The Strasbourg-based court said on January 14 that it did not find any political motives in the criminal prosecution of Lebedev or Khodorkovsky, one of Russian President Vladimir Putin’s main opponents, and that no compensation would be ordered.
“The court considers that the finding of a violation constitutes in itself sufficient just satisfaction for the nonpecuniary damage sustained by the applicants,” the ECHR said in its judgment.
Vadim Klyuvgant, a lawyer for Khodorkovsky, was quoted by Interfax as saying the defense was “satisfied” with the outcome, though in light of the ruling Khodorkovsky may appeal to the Russian Supreme Court over his second sentence.

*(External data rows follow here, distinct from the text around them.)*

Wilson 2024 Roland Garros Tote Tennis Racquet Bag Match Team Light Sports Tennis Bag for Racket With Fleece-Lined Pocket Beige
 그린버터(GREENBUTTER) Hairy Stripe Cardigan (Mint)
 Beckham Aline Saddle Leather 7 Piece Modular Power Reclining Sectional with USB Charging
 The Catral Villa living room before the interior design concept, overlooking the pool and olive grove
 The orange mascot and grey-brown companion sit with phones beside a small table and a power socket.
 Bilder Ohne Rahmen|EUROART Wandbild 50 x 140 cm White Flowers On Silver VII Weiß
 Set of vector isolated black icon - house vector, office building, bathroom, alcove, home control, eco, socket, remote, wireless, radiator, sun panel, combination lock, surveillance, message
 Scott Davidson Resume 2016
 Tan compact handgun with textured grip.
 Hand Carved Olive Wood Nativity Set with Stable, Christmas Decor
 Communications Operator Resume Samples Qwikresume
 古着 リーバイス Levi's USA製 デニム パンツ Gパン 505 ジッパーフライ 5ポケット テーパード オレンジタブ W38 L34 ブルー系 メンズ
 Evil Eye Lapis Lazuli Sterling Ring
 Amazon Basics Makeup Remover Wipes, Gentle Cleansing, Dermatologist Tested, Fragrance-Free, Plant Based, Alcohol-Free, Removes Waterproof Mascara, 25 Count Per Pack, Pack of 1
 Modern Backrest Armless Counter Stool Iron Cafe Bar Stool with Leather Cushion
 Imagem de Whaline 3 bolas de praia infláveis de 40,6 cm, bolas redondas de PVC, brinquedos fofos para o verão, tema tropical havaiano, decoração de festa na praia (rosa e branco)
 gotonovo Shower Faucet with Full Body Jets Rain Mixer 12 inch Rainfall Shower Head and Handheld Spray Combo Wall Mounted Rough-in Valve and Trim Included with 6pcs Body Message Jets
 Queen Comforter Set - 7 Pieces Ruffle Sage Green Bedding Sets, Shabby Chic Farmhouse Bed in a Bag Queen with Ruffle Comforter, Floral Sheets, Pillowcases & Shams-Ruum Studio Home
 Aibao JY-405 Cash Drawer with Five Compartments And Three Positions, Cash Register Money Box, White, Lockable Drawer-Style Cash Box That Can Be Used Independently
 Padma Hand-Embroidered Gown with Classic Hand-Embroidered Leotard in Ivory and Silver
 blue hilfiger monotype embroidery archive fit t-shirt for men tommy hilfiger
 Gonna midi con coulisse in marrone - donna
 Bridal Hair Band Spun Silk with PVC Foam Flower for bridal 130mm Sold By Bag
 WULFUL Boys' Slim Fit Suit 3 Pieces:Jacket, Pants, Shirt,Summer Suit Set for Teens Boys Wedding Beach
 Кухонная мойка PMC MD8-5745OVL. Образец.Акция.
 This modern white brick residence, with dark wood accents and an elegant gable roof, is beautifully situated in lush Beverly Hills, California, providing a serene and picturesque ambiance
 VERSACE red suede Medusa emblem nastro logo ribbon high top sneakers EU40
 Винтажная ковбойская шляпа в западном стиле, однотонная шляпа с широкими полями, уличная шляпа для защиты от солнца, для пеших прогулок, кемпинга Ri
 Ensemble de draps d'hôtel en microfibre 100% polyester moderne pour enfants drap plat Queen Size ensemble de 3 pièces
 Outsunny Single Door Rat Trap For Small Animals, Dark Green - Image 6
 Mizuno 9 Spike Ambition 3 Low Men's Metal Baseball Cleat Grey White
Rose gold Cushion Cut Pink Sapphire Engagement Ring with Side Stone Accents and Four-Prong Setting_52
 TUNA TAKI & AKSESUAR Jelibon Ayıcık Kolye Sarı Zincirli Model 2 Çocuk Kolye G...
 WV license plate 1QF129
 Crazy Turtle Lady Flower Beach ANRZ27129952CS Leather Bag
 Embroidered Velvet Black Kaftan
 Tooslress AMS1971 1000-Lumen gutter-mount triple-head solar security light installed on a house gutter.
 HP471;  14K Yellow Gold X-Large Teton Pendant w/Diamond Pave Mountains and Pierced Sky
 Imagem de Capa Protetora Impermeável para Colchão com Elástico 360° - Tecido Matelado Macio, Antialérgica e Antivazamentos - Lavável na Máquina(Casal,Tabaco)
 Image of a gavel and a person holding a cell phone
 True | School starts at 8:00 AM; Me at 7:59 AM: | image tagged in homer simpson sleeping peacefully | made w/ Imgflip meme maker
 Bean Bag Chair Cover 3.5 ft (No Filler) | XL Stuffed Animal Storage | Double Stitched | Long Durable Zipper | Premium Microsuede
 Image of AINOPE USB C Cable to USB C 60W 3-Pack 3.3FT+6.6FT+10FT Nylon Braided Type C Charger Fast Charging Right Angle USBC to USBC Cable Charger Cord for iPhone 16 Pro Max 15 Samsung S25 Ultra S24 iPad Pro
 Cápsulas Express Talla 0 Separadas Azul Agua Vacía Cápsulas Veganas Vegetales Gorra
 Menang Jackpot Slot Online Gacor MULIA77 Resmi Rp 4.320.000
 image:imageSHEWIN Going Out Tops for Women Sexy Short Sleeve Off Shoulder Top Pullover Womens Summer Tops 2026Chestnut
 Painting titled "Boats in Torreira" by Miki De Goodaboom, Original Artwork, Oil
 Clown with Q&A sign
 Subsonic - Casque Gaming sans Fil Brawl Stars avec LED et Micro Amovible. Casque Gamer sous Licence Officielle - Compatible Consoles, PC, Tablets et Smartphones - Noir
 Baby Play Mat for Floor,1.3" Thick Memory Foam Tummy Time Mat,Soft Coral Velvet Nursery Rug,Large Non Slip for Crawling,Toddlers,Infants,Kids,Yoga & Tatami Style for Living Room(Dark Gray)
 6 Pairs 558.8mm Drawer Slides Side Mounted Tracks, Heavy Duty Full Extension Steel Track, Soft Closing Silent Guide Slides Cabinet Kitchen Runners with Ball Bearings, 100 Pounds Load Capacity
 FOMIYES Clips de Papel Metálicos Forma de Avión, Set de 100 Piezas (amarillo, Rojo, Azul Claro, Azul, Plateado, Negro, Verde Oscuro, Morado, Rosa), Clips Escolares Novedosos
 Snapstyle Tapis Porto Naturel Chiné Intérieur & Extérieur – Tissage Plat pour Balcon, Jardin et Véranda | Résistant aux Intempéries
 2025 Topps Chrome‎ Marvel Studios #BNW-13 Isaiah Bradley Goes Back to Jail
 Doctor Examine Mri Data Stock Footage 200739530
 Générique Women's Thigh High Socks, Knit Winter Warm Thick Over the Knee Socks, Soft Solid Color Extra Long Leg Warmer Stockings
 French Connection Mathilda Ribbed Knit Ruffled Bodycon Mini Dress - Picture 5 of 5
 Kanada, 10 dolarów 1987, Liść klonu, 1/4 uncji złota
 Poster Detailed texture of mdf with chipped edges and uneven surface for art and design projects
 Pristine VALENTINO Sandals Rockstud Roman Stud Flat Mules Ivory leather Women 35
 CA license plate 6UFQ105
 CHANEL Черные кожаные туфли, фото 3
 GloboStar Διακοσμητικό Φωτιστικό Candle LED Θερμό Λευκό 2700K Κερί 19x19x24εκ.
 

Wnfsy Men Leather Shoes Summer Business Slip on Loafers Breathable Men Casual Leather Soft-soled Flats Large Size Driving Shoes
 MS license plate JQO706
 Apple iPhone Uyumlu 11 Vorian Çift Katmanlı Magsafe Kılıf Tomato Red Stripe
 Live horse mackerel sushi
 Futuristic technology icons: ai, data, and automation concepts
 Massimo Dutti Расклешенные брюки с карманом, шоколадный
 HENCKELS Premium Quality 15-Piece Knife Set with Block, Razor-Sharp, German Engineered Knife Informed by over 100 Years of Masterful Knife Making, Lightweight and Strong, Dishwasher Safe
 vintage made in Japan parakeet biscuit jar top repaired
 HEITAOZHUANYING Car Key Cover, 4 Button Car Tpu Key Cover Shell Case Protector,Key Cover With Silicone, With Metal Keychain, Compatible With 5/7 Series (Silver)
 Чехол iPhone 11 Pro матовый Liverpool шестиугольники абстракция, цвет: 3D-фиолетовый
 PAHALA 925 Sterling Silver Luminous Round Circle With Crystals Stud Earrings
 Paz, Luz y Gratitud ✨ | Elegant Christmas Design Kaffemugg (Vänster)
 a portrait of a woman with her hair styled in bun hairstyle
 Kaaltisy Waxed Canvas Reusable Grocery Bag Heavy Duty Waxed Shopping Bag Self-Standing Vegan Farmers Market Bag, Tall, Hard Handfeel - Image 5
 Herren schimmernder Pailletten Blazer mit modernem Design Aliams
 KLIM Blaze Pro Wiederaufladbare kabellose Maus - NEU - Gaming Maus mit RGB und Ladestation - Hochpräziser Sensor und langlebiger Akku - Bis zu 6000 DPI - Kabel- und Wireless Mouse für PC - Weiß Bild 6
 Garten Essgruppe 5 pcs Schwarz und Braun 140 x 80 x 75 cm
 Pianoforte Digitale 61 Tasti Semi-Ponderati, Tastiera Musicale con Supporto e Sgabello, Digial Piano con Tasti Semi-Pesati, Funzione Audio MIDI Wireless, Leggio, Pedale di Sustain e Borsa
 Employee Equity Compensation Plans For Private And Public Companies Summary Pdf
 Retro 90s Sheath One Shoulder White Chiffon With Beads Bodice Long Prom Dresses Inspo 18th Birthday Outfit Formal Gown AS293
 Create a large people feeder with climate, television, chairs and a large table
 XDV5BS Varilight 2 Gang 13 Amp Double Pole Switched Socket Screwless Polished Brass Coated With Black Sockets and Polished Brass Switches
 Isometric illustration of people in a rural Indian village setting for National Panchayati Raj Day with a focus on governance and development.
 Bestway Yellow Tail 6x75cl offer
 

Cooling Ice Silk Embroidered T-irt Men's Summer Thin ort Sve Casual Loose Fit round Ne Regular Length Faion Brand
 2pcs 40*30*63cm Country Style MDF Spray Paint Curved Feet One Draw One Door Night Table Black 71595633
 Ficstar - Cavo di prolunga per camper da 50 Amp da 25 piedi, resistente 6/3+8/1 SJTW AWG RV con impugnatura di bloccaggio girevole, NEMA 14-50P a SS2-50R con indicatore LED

“The defense was discriminated against and denied the possibility to bring in its witnesses and specialists during the proceedings, Klyuvgant said.
“I think these conclusions are sufficient for agreeing with us that the sentence was fictitious,” he added.
Khodorkovsky, who ran oil giant Yukos, once Russia’s largest company, was convicted of financial crimes at two trials that he and his supporters contend were engineered by the Kremlin to punish him for challenges to President Vladimir Putin and increase the Kremlin’s control over oil exports.
Yukos was dismantled after Khodokovsky’s 2003 arrest and its main production assets were sold at auction and ended up in the hands of state oil company Rosneft.
Once Russia’s richest man, Khodorkovsky spent 10 years in prison before he was released and left Russia after being pardoned by Putin in 2013.
Khodorkovsky lives in exile in London and now runs a project called the Civil Society Support Group in Russia. The endeavor is part of Khodorkovsky’s effort to unseat Putin from power.